Thursday, September 29, 2011

Project Controls..the weatherman of the EPC world

As my role changes and evolves; diverting from focus on mechanical and technical aspects of the Turnaround and Operations environment to the challenges of Capital Projects I have recognized some crossover and disconnects of terminology. Case in point regarding Earned Value the expression of "budget" and "forecast" have two distinct meanings. Often budget and forecast used interchangeably, which can be challenging if there has been no discernible no distinction between the two.
Understanding the budget is derived from the planned estimate of the anticipated cost to complete the scope defined within each work package which is then rolled up to a WBS/CBS component. The planned estimate is an estimate; however, it is an essential component to provide a forecast. The budget plan becomes the performance measurement baseline.  The budget (Cost Baseline) is therefore a rigid plan of spending that is established prior to the start of work.  The forecast is a separate mechanism for predicting the final outcome once the work starts or it becomes clear that things aren’t going exactly according to plan.
Think of it in these simple terms: we forecast the weather, but we cannot plan it.   The weather, in this case, is the unexpected thing that happens to our projects once work gets under way.  Cost overruns, delays and rate changes are common examples of the weather we encounter.
If there is a delay that starts to require more hours than planned, the Project Manager can use forecasting tools within the Earned Value Management system to manage the risk of delay, ignore, mitigate or accept the problem and then show the effect of the risk management plan.
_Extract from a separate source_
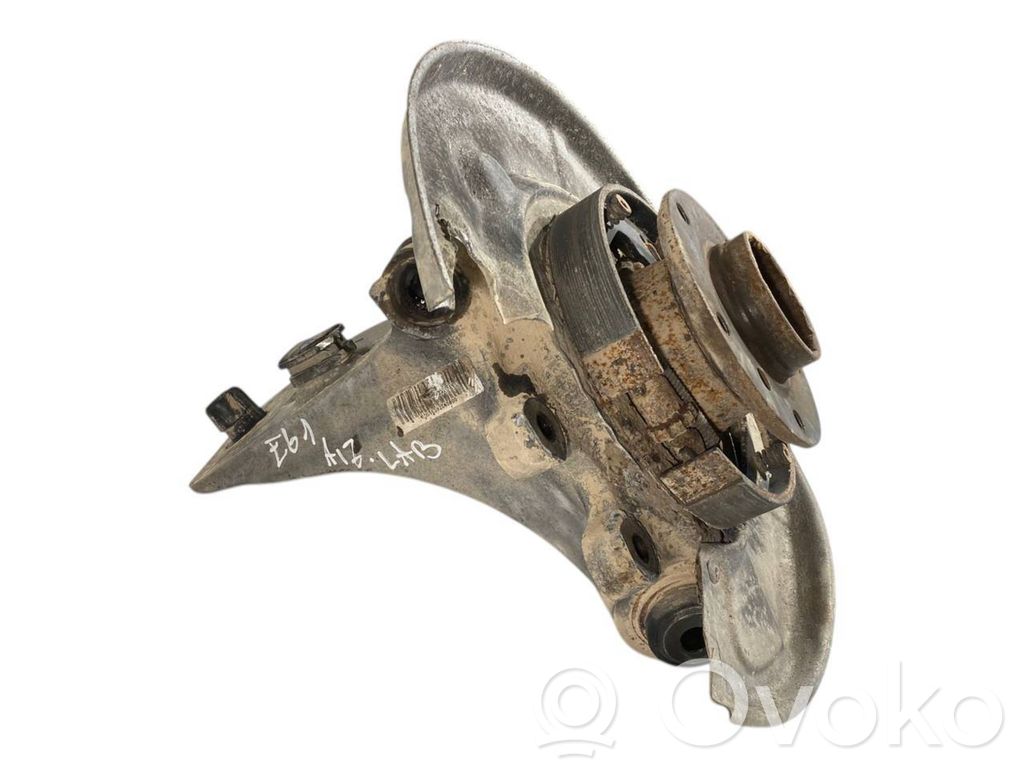 Rear wheel hub shaft joint (stupica, capfa)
In short, forecasting is used to protect the Estimate At Completion (EAC) figure and manage the project to keep this figure within thresholds.  What the manager cannot do is change anything that affects the budget without following a formal process.  If the budget was changed every time there was a problem and without a formal audit trail of the change, then the performance measurement baseline would be compromised along with the integrity of the earned value data.